Santiago de Vera was a native of Alcalá de Henares, Spain and the sixth Spanish governor of the Philippines, from May 16, 1584, until May 1590.

Governorship
Governor Gonzalo Ronquillo de Peñalosa and Domingo de Salazar, the first bishop of Manila, had requested the King of Spain to establish the Supreme Court of the Philippines then called the Audiencia, to settle disputes between the Church and State.  In 1584, three judges arrived from Mexico and started the justice court with De Vera serving as the chief justice.

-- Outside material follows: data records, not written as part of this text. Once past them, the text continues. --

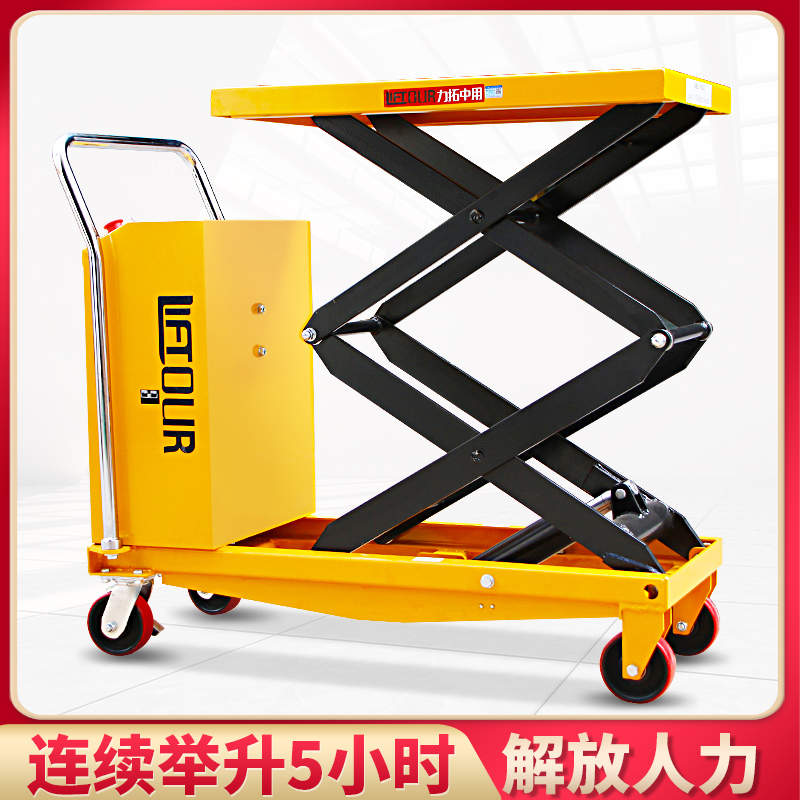 如意XILIN拥抱世界 LogiMAT 2023上展雄姿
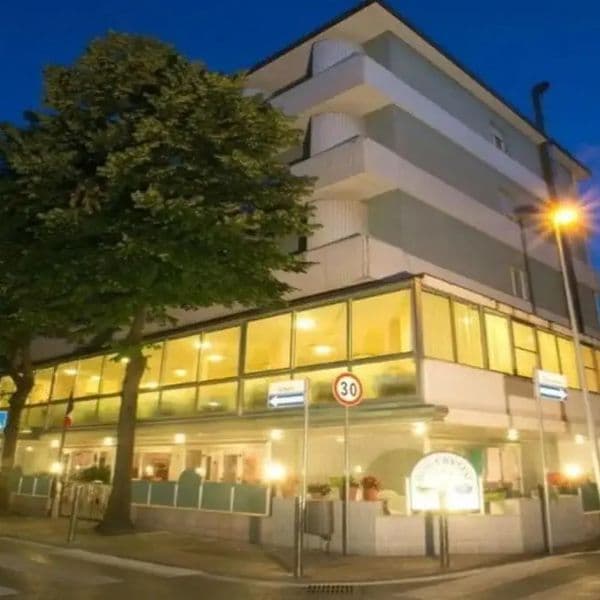Crystal (Rimini)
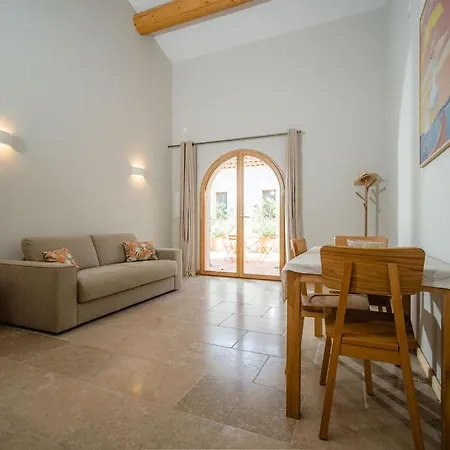 Будинок відпочинку Relais Du Vieux Sauvaire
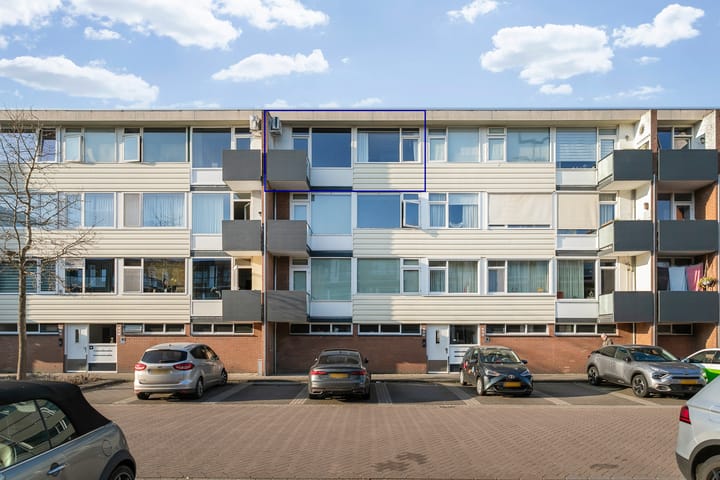 Foto 30 van Jan Heijmanslaan 43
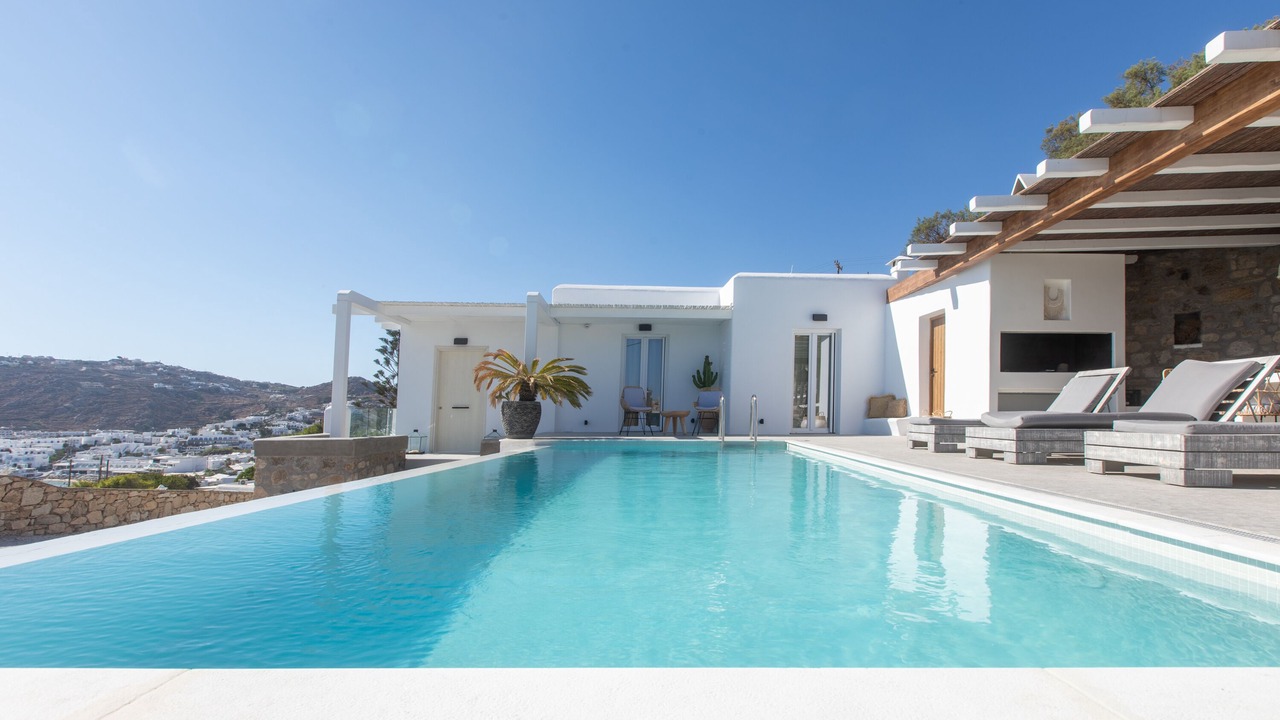 Photo of Outdoor in Platis Gialos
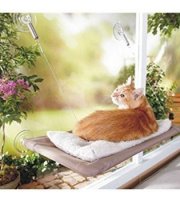 Ablakra rögzithető macska ágy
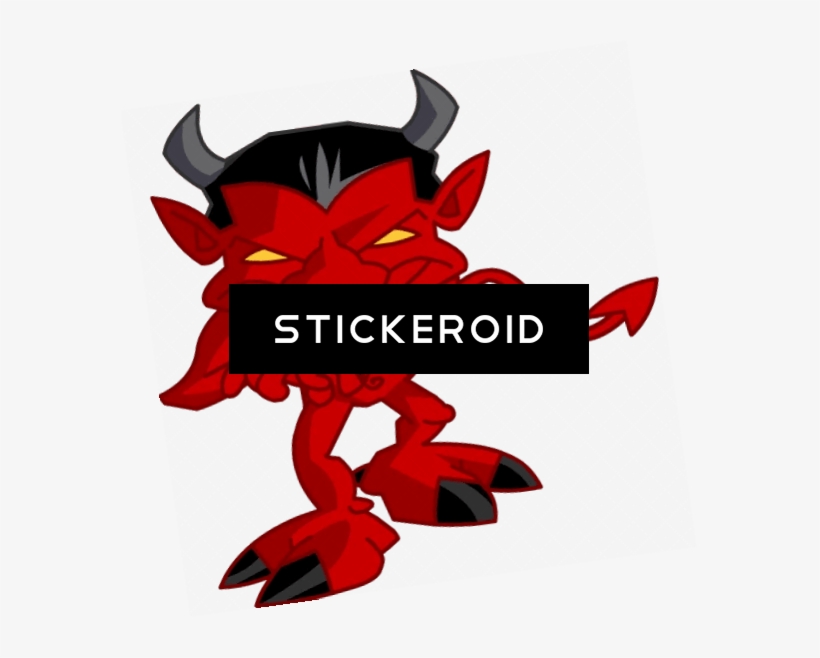 Horror Monsters Devil Evil - Duke Nukem Forever Box Art, transparent png download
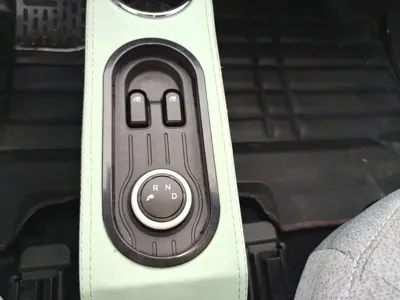 Wuling MINIEV 2022, 16500 км, за 21500 CNY - фото 14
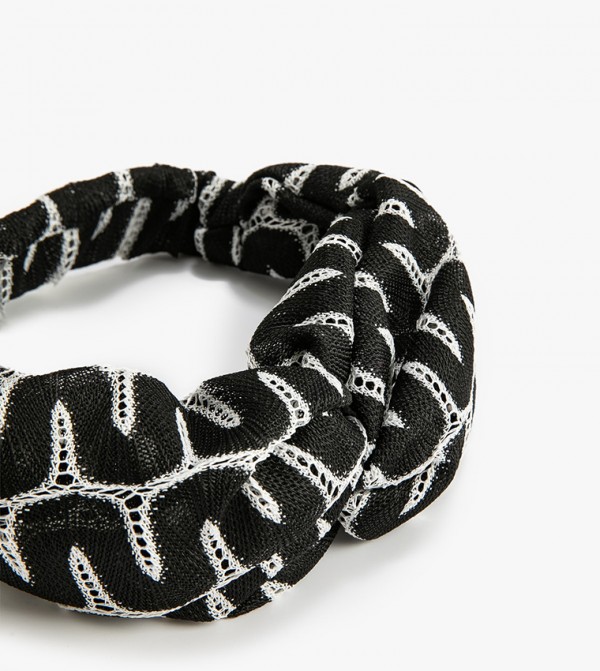 Koton Koton - Black Headbands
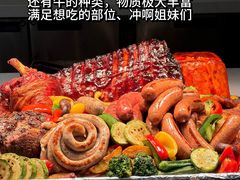 -广州威珀斯酒店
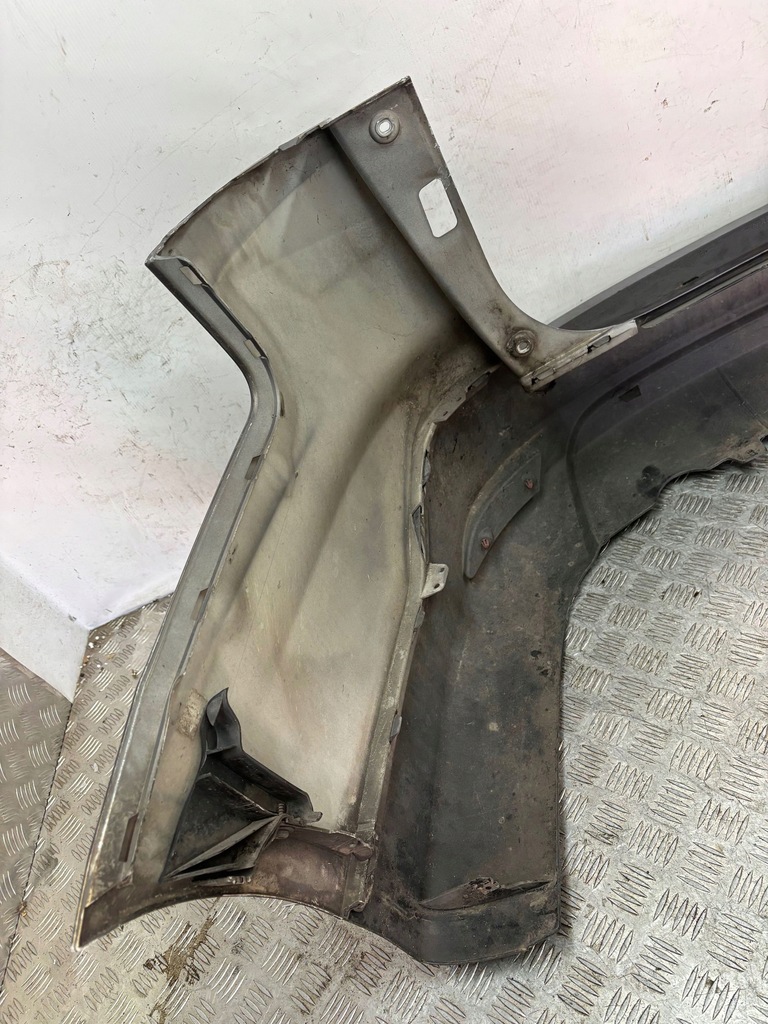 фото №14, Бампер задняя задний ford focus 3 iii mk3 kombi 10-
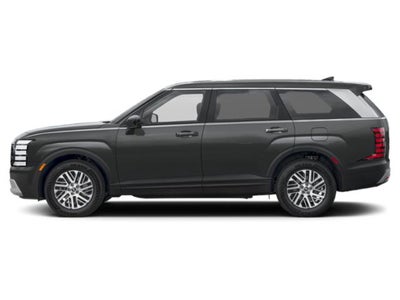 2027 Hyundai PALISADE SE FWD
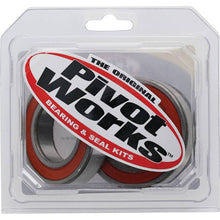Load image into Gallery viewer, Pivot Works Honda, Yamaha Wheel Bearing Kit Premium Bearings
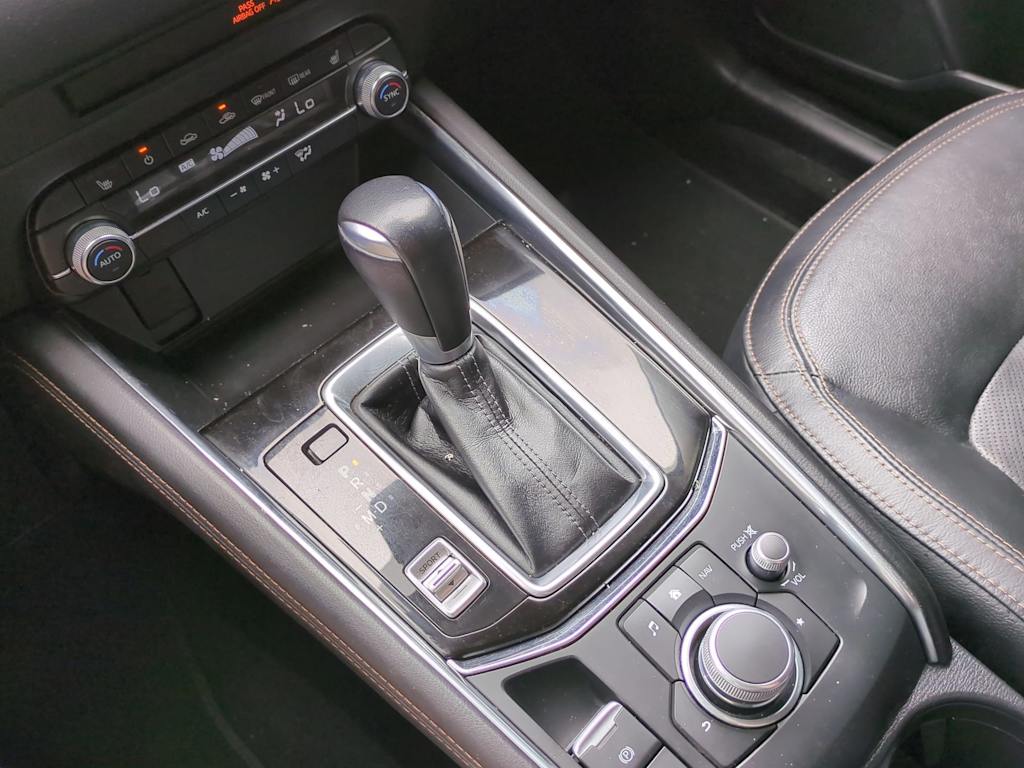 2019 Mazda CX-5 Grand Touring 16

After the sudden death of Governor Peñalosa, Diego Ronquillo, his nephew became the governor ad interim but was later charged for defalcation in the trust of Peñalosa's estate and was sent back to Spain as a prisoner.  As the chief justice of the court, Santiago de Vera succeeded as the governor of the islands on May 16, 1584.

First houses of stone

Following the great fire of Manila on March 19, 1583, which started during the wake of Governor Gonzalo Ronquillo de Peñalosa at the San Agustin Church, Santiago de Vera made an order that all construction in Manila should be of stone.  It was found that stone could be easily cut near the banks of the Pasig in Guadalupe (now Guadalupe Viejo in Makati) and brought to Manila in boats.

Fort of Nuestra Señora de Guia
He also built the first stone fort of Manila called Nuestra Señora de Guia (Our Lady of Guidance) in 1587 located at the present location of San Diego Bastion (Baluarte de San Diego) at the southwestern corner of Intramuros with plans by a Jesuit named Sedeño.  The artillery for this fort was cast by Panday Pira.

De Vera also began to dig the moat which surrounded the city.  He also built a stone breastwork along the Pasig riverfront.  The great wall was not begun till the rule of Gómez Pérez Dasmariñas.